Covering more than 55 acres, this masterwork began with an idea Jennie Buchart had to turn an ugly quarry into something beautiful. Her husband, Robert Pim Butchart owned a cement plant and the nearby limestone quarry he had used had been worked out. Mrs. Butchart decided that the deep, broad, lumpy pit had loads of potential.

One hundred years later, in 2004, the gardens became a National Historic Site of Canada. Still privately owned and operated by the family, the gardens are now internationally renowned. The gardens spread to includes several themed gardens as well as a “piazza”, greenhouses, and four places to eat. By the 1920s, over 50,000 people visited each year.
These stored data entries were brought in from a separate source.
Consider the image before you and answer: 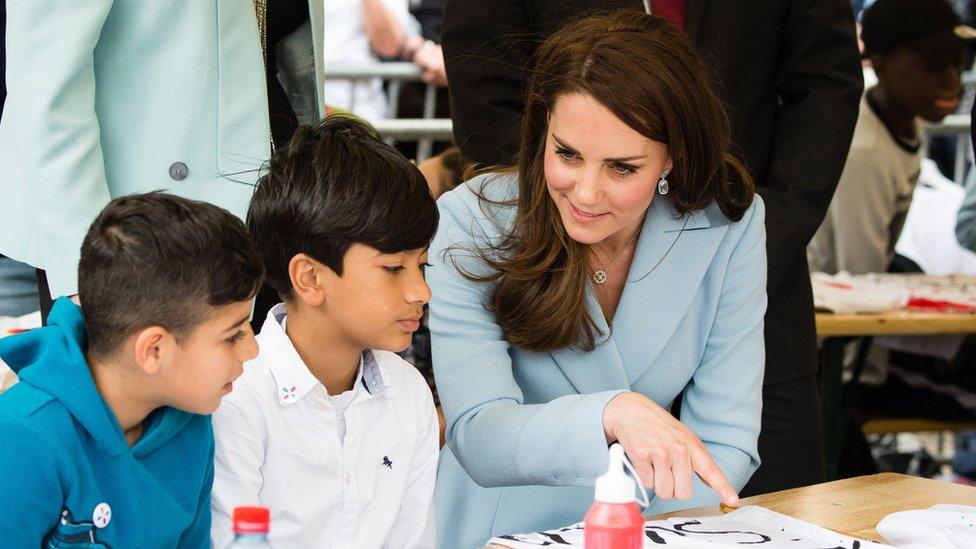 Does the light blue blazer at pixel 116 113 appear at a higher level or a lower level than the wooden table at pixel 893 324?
higher

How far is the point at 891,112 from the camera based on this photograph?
4.61 meters

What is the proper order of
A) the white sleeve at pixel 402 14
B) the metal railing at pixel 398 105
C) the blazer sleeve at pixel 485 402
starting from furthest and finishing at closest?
the white sleeve at pixel 402 14, the metal railing at pixel 398 105, the blazer sleeve at pixel 485 402

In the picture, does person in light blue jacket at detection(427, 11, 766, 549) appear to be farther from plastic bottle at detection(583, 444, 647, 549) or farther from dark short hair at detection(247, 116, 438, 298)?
plastic bottle at detection(583, 444, 647, 549)

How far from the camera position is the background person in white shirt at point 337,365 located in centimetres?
174

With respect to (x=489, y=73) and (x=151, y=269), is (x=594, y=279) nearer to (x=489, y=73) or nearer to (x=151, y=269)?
(x=489, y=73)

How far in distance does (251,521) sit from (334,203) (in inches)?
29.7

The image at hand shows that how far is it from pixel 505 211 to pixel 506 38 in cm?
49

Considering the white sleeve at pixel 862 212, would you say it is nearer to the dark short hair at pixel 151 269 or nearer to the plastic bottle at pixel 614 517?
the dark short hair at pixel 151 269

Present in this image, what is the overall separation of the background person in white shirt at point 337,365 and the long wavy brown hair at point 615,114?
0.20m

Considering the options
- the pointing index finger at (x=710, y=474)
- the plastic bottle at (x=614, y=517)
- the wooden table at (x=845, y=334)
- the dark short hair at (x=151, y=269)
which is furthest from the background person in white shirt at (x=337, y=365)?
the wooden table at (x=845, y=334)

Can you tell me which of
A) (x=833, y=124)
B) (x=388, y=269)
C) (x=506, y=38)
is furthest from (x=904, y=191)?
(x=388, y=269)

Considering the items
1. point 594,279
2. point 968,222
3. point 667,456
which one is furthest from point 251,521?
point 968,222

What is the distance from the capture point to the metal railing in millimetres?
4805

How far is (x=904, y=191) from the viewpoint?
184 inches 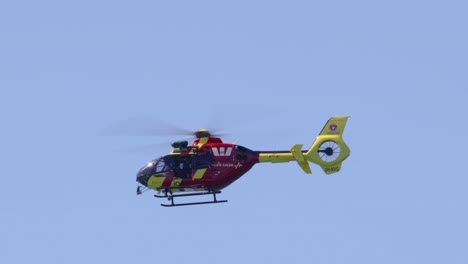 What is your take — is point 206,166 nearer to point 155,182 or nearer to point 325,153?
point 155,182

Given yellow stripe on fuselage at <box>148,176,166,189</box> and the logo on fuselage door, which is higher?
the logo on fuselage door

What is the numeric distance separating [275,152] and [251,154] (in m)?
0.78

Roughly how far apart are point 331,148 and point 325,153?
0.25m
Now, that number is more like a million people.

The Sunken Garden

Spring garden through folly window

A window in the tiny log cabin-inspired folly perched on the lip of the old quarry frames a spectacular view of the Sunken Garden.

I have to stop here for a moment and reflect. I’ve been so impressed with so many gardeners, professionals and amateurs alike, who have looked at a yard or a ditch or even an acreage and thought to themselves, ‘Sure, I think I can make a garden out of this!’ But I’m floored by the thought that Jennie Butchart sized up A HUGE HOLE IN THE GROUND and thought to herself, ‘Yeah, let’s go for it!’ That takes a huge amount of imagination, confidence and, let’s face it, audacity. By the way, it took 9 years to complete. When the project began, the topsoil had to be delivered by horse and cart.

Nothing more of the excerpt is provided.